BACKGROUND FACTS AND PROCEDURAL HISTORY
Because this is an appeal from a CR 12.02(f) dismissal, the allegations
of the complaint must be taken as true, and so we recite them here as facts.
In November 2021, the tenants executed a written lease with the
landlord for a residence located in Louisville, Kentucky, and they and their four
children began residing there in the same month. The landlord agreed in the lease
to be responsible for “minor repairs not due to default.”1
In October 2022, the tenants discovered mold, later confirmed by
testing to be toxic black mold, in the laundry room, the kitchen, and the master
bathroom, and they notified the landlord. Initially, the landlord did not respond to
the tenants’ complaint, blocked their subsequent communications, and made no
effort to repair the problem. In June 2023, the tenants hired an independent
inspector to document the conditions of the home, and the inspector identified
1 Although we are required to accept the pleadings as true, we must note that the tenants’ recitation of the repair clause, on which they base their argument for breach of contract, is refuted by the lease attached to the complaint. The lease, which is not signed, provides that the landlord was responsible for major repairs and the tenants were responsible for minor repairs or those caused by improper conduct.
-2- additional, unspecified, possible health and safety concerns. The tenants also
contacted “Building and Zoning,” and, as a result, the landlord was cited for a
number of emergency violations, to be corrected within 24 hours, related to mold
in the laundry room and the master bathroom as well as an active sewer leak in the
latter.

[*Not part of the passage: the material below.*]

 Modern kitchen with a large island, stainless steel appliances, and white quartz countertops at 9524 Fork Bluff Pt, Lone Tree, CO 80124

The landlord still took no action until he was threatened with fines from
Code Enforcement.
Between July 12 and 14, 2023, the landlord hired plumbers to address
water leaks and other fixture issues. Additionally, the landlord and his father
attempted to remediate the mold in the laundry room and the master bathroom;
however, they did not use the proper tools or protocols and, as a result, they
aerosolized the mold spores and cross-contaminated the material throughout the
home. After the landlord’s efforts at repair, the tenants could smell mold and they
observed mold growth and sewer damage in areas where they were not previously.

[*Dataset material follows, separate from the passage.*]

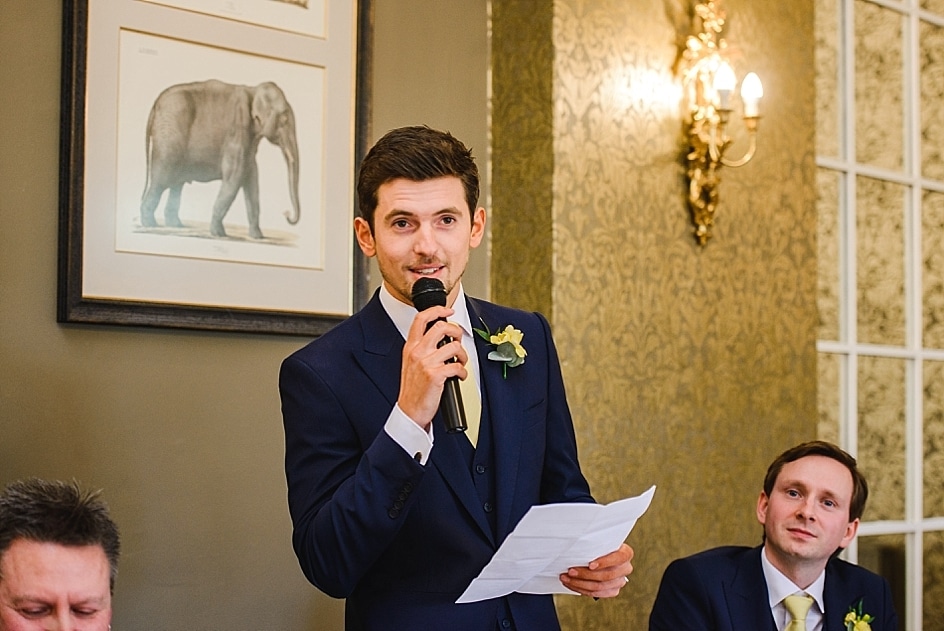 Best man talking into microphone at a Bristol zoo wedding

Additionally, they and their children began to experience fatigue, sore throats,
itchy eyes, inflammation, chills, vomiting, diarrhea, skin rashes, headaches,
memory loss, anxiety, depression, and nausea, and they all required medical
treatment for their exposure to mold. Blanton documented the worsening
conditions of the residence, missing work and losing wages to do so, and notified
the landlord.
-3- The landlord insisted the home was safe, but he eventually made
additional, but ineffective, attempts at remediation. He hired contractors, but they
were uncertified, untrained, and inexperienced, and the landlord ordered them to
cut corners, limit testing, create protocols inconsistent with testing, and cut costs,
which resulted in shoddy, partial, or incomplete work. He tested for mold a second
time in September 2023, but, against industry protocols, he instructed the testing
company not to assess the tenants’ possessions. He then hired a second
remediation company, but he intentionally had them create a work plan based on
the incomplete testing and without consideration for the condition of the structure,
its systems, or the contents within.
Dissatisfied with the landlord’s efforts, the tenants completed an
independent round of microbial testing, at their own cost, and offered to hire
properly trained professionals to perform the remediation. The landlord responded
that he “would not be remediating the home at all[] until the [tenants] did the work
themselves[,] [b]ut . . . that the remediation needed to be completed by a certified
specialist company.” To protect their health and prevent cross-contamination, the
tenants abandoned the residence as well as all of their possessions stored in the
home, including important records and irreplaceable family mementos. Since then,
the landlord has obstructed the tenants from collecting their insurance policy
-4- benefits for living expenses and property damage, and he has threatened to evict
them if they do not remove their contaminated property.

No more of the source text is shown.